The security of the Red Sea is indeed important, and it is reported that more than 20,000 ships pass through the Suez Canal and the Red Sea Passage each year. During my visit to the Suez Canal, I witnessed long lines of ships waiting to pass through. Chinese ports are commonly used as both departure and destination points for these ships, so China has a particular stake in the security of the Red Sea. China has an overseas support base in Djibouti on the western coast of the Gulf of Aden, which serves as the outlet of the Red Sea. There is a clear need for Chinese warships to step up escort operations in the Red Sea.

The Houthis have repeatedly reiterate the safety of maritime routes in the Red Sea and Arabian Sea, ensuring no threat to ships from any nation, except those linked to the enemy entity or destined for its ports. The Houthis should have a willingness to take their commitments seriously, because destroying this passage in the Red Sea will directly violate the interests of all coastal countries and make themselves a target of public criticism. The key lies in whether the Houthi armed forces can accurately focus on their target so that the majority of passing ships are truly safe.

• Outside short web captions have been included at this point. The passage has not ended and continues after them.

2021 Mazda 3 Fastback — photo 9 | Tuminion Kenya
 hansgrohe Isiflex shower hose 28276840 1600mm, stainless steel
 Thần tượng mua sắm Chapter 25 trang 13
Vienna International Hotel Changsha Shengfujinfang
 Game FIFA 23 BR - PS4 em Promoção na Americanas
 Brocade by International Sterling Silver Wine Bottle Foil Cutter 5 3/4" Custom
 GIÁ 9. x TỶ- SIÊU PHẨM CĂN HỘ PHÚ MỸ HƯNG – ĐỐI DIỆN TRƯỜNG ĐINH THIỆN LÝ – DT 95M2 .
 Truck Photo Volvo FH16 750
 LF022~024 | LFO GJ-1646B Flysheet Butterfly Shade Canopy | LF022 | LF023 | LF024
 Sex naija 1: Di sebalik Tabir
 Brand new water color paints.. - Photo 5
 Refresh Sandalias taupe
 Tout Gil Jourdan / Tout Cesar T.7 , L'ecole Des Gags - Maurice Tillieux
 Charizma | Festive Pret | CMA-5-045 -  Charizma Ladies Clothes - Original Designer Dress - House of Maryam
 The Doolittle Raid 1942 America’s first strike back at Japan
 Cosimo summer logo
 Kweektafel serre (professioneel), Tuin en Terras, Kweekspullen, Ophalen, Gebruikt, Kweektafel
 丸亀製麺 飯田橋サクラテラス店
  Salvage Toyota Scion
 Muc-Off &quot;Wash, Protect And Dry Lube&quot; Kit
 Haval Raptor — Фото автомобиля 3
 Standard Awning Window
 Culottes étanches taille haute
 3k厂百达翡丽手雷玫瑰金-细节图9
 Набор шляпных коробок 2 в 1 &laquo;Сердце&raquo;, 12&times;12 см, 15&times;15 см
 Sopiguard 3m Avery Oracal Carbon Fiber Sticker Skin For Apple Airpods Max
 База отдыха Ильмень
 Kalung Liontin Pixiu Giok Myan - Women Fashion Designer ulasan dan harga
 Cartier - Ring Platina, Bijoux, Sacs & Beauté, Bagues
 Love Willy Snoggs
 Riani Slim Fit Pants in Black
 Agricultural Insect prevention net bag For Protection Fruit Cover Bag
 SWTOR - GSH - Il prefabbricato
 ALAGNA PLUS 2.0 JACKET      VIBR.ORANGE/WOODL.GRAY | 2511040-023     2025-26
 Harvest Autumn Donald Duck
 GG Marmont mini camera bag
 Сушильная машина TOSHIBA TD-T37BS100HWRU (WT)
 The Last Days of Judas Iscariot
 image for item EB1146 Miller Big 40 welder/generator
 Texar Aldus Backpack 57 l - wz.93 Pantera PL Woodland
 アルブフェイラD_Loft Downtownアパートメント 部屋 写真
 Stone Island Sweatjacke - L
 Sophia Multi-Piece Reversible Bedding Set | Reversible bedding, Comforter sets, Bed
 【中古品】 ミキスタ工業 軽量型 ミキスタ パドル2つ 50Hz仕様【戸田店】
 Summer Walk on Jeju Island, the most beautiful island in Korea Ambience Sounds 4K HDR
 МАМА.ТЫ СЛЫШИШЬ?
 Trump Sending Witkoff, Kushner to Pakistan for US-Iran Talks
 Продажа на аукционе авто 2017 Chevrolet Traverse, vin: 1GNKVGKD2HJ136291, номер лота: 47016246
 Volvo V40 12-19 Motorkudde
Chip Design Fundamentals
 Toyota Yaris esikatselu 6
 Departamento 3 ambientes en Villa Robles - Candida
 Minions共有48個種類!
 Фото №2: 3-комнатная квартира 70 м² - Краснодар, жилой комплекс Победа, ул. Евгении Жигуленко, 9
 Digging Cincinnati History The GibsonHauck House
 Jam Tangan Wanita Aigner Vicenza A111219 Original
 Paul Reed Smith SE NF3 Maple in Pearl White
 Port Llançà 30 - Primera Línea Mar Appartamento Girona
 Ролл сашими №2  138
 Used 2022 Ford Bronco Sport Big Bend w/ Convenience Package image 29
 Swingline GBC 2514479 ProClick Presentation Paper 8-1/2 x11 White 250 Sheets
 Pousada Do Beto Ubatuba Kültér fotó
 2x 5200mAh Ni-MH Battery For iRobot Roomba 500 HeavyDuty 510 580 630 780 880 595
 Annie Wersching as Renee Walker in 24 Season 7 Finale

The interests of many countries are involved, but the interests of most countries vary. In other words, everyone wants the Red Sea to be secure, but they are dissatisfied with the US using Red Sea security as a means to ensure Israel completes its operations in Gaza. They are also worried about whether the Houthis will disrupt the entire Red Sea.

If the frequency of attacks by the Houthi armed forces increases, the multinational patrols led by the US will not achieve its original goals. Once the situation worsens, some predict that the US and Israel may launch large-scale attacks against the Houthis' land bases, which will lead to the expansion of the war. Once that happens, the Red Sea channel will be ruined.

China undoubtedly welcomes peace and security in the Red Sea, but how we take on the role we play there will also be a complex issue. We must first protect the safety of Chinese ships and those directly related to China. On the issue of shaping regional peace mechanisms, we should coordinate our actions and adopt a consistent position with most Arab countries in the region. To ensure that Chinese ships are safe in the Red Sea, we should minimize the pressure on our ships to reroute around the Cape of Good Hope. Our moves and the joint patrol operations of the US will probably not get mixed up, but there is no need to create a conflicting relationship. After all, it is not a bad thing for everyone that the Red Sea is safe. In addition, we want to emphasize the concept that the fundamental way to ensure peace and stability in the Red Sea is to achieve a permanent cease-fire in Gaza and truly promote the political settlement of the Palestine-Israel issue.